Post by kayli » Tue Dec 30, 2008 1:33 am

Personally, I find the format better because it's more team-oriented. It has a good organization, and it is free from many of the flaws of NAQT. I think that most people don't like the format because they haven't played on it before. The sample questions are quite terrible (after looking at them). But I still believe that the question distribution and quality of the questions are good. NAQT seems to be based on trivia and not real academic things. I'm probably not as familiar with other formats because we don't see them around here... or we just don't know about them. *Shrug.* I think that the questions are really not that bad once you get to think about them. It's a unique tournament in that the brevity of the questions is often coupled with the difficulty of the same questions.

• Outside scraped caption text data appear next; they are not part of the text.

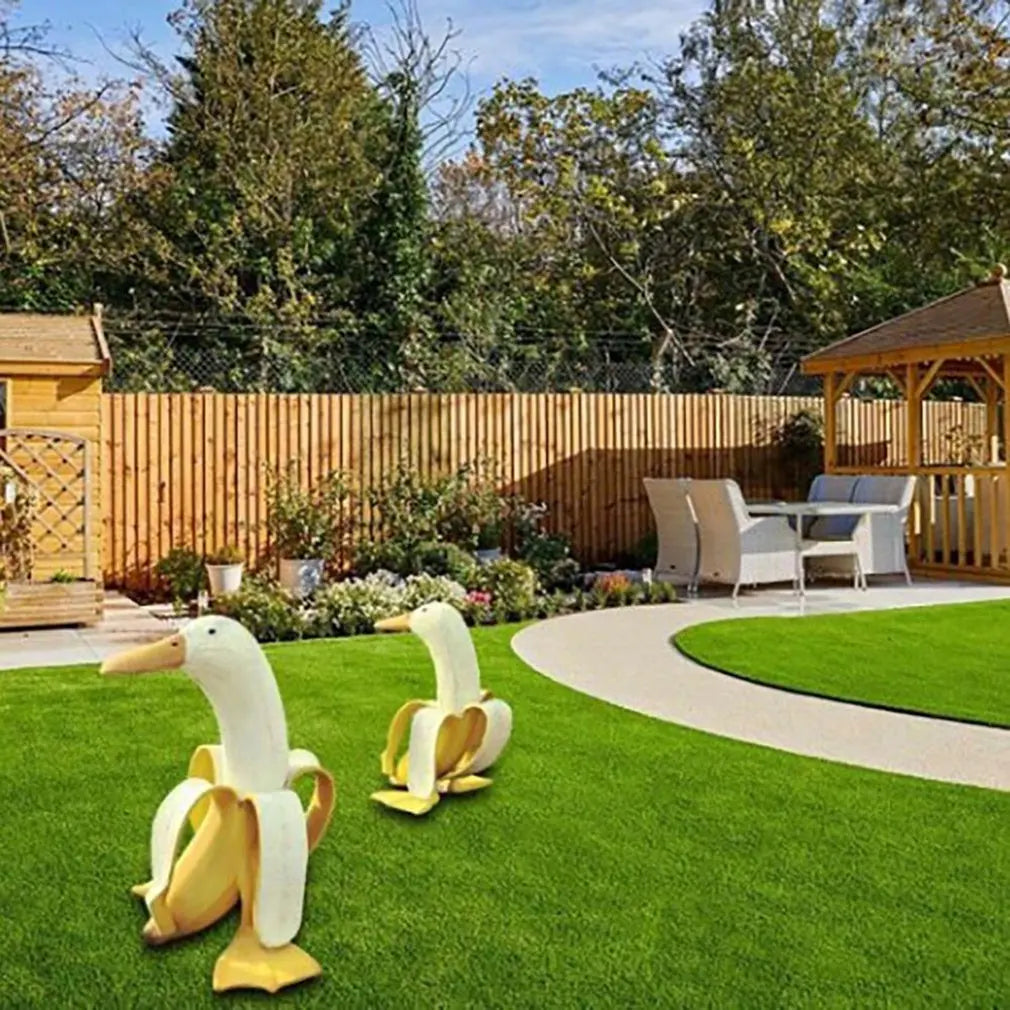 Sikunuo | Peeled Banana Duck Face Garden Decor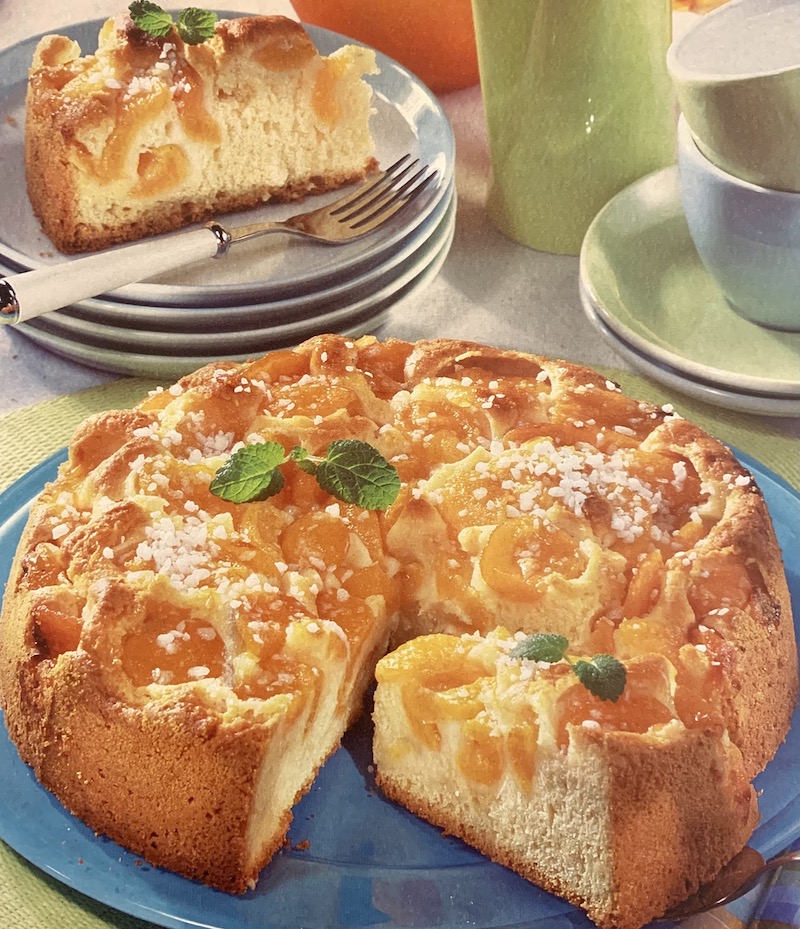 german apricot cake with sour cream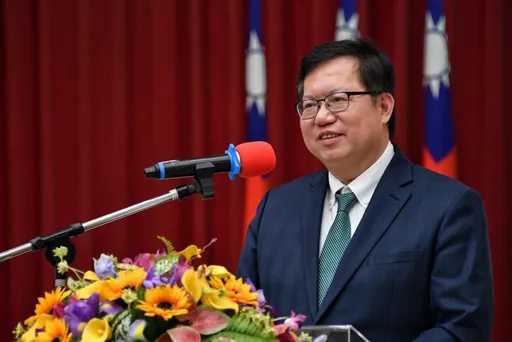 卷im.B吸金案！郑文灿和主嫌合照遭北检调查　本人回应了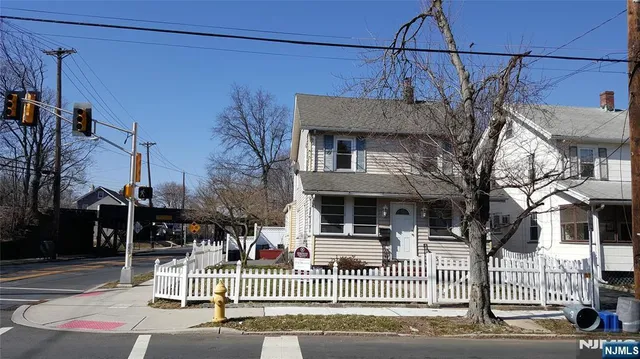 $1,650 | 204 Spruce Street, Unit 2, Bloomfield, NJ 07003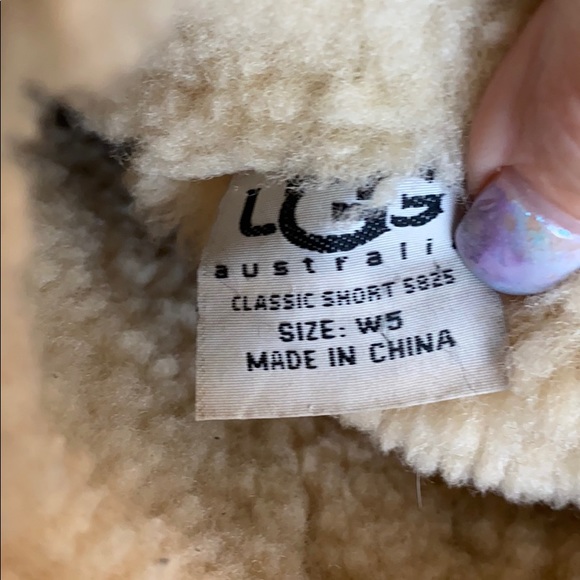 Classic Short Uggs - Picture 5 of 5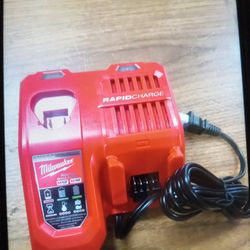 Milwaukee Fast Charger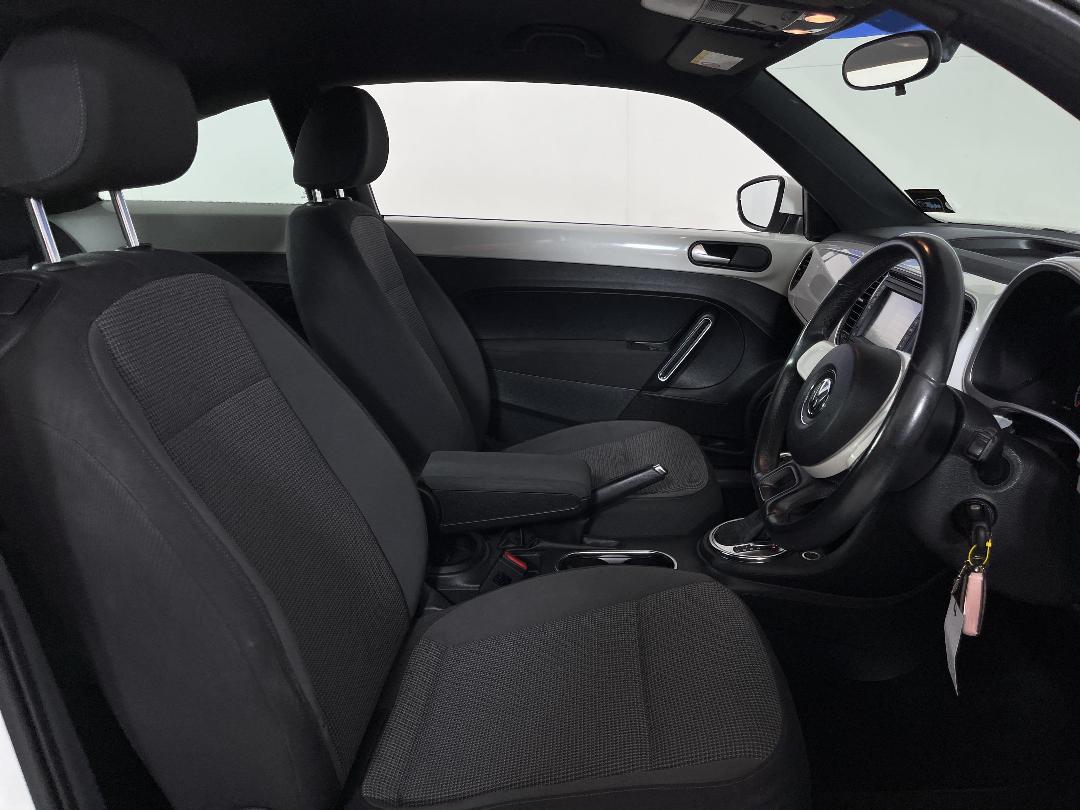 Photo '16' of Volkswagen Beetle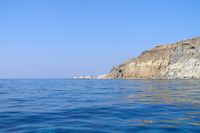 Le village de Ziros en Crète. La pointe sud de l'île de Koufonissi et l'îlot de Trachilos (auteur Niki Tranou). Cliquer pour agrandir l'image dans Panoramio (nouvel onglet).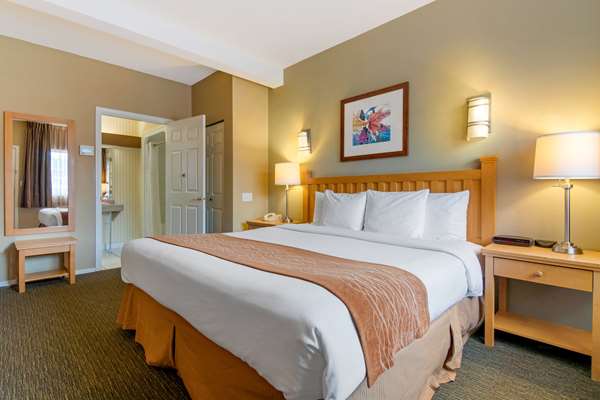 - Econo Lodge Inn & Suites North Vancouver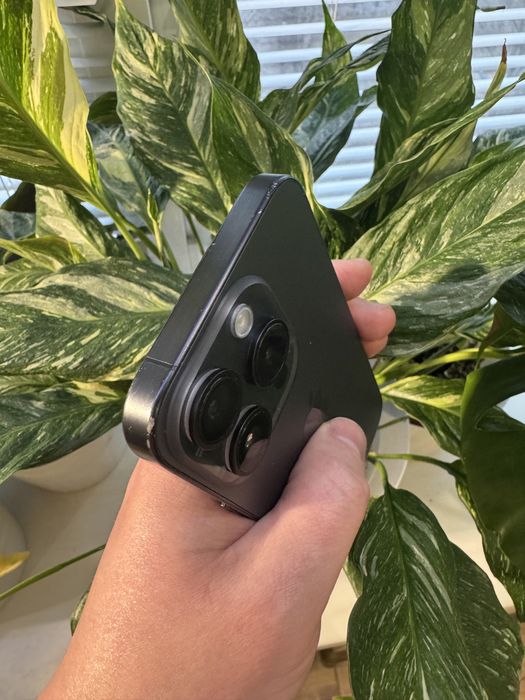 Iphone 15 pro 128 black e-sim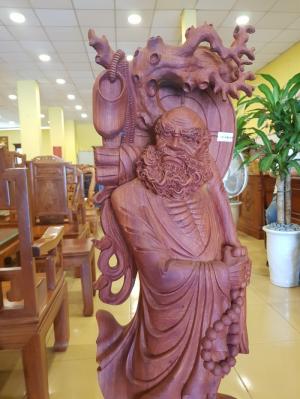 Tượng đạt ma sư tổ trấn trạch , cao 1m3, hàng trưng bày tại Tiền Giang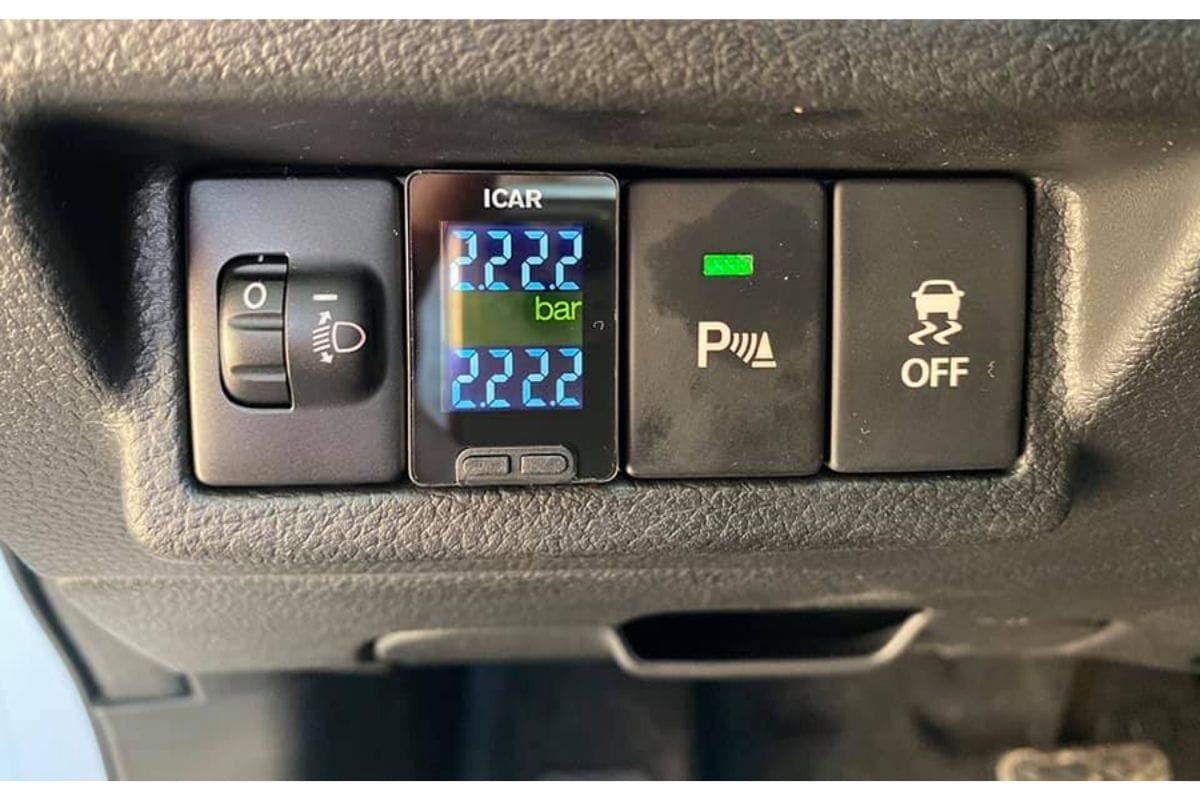 Nên lắp cảm biến áp suất lốp trong hay ngoài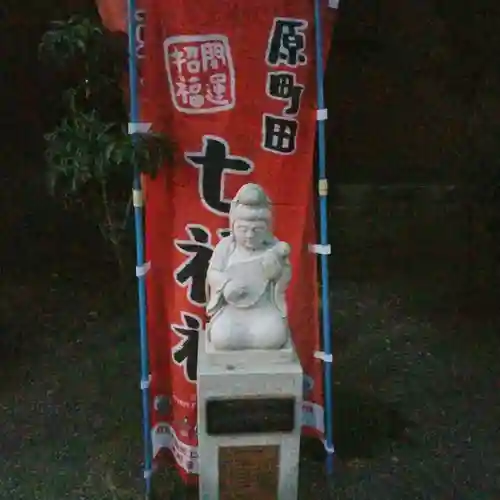 母智丘神社の像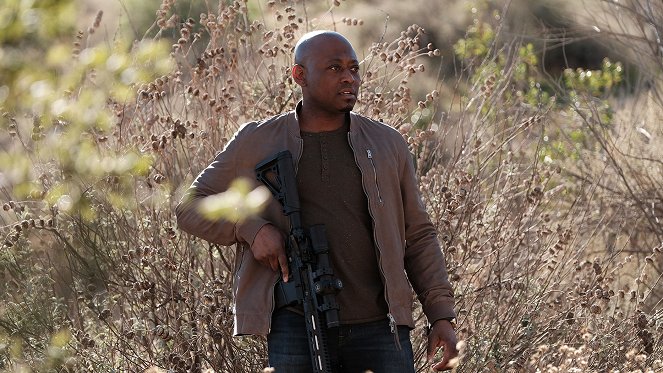 Shooter - The Importance of Service - Photos - Omar Epps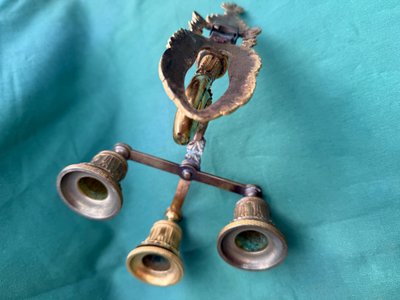 Charming pair of ormolu swan-neck sconces, Empire period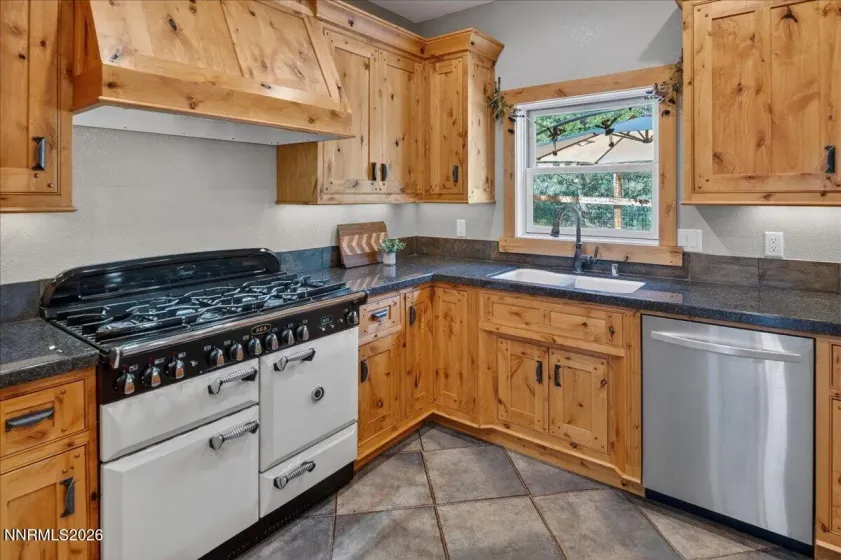 16925 Mt Rose, Reno, Nevada 89511, 4 Bedrooms Bedrooms, ,4 BathroomsBathrooms,Residential,Residential,Mt Rose,0,260008593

It also involves a different strategy when working with more than just two teams which is another reason why it seems cumbersome. Also, by making it only one buzz per questions, it makes for more conservative game play and strategy. When bad teams neg and kill the questions, people do get aggravated; but that just leaves room for planning some strategy against such. I think that the audio/visual aspect of the tournament is really enjoyable. Anyone can regurgitate knowledge about music; but when confronted with the actual piece, they might not be able to even get close to identifying it. Is this real knowledge about music? I think not. The same goes for art. I think that it's a little unfair to discard the format entirely. CAC is an almost completely team oriented tournament whereas normal quizbowl is less so. The questions are odd because they're different. A lot of teams are not familiar with this type of tournament outside of Florida. Consequently, I think they are prone to discard the format because it's a lot more different than they are used to. The tournament is fun and enjoyable once you get used to it, and there's a good reason why it's been going on for 22 years.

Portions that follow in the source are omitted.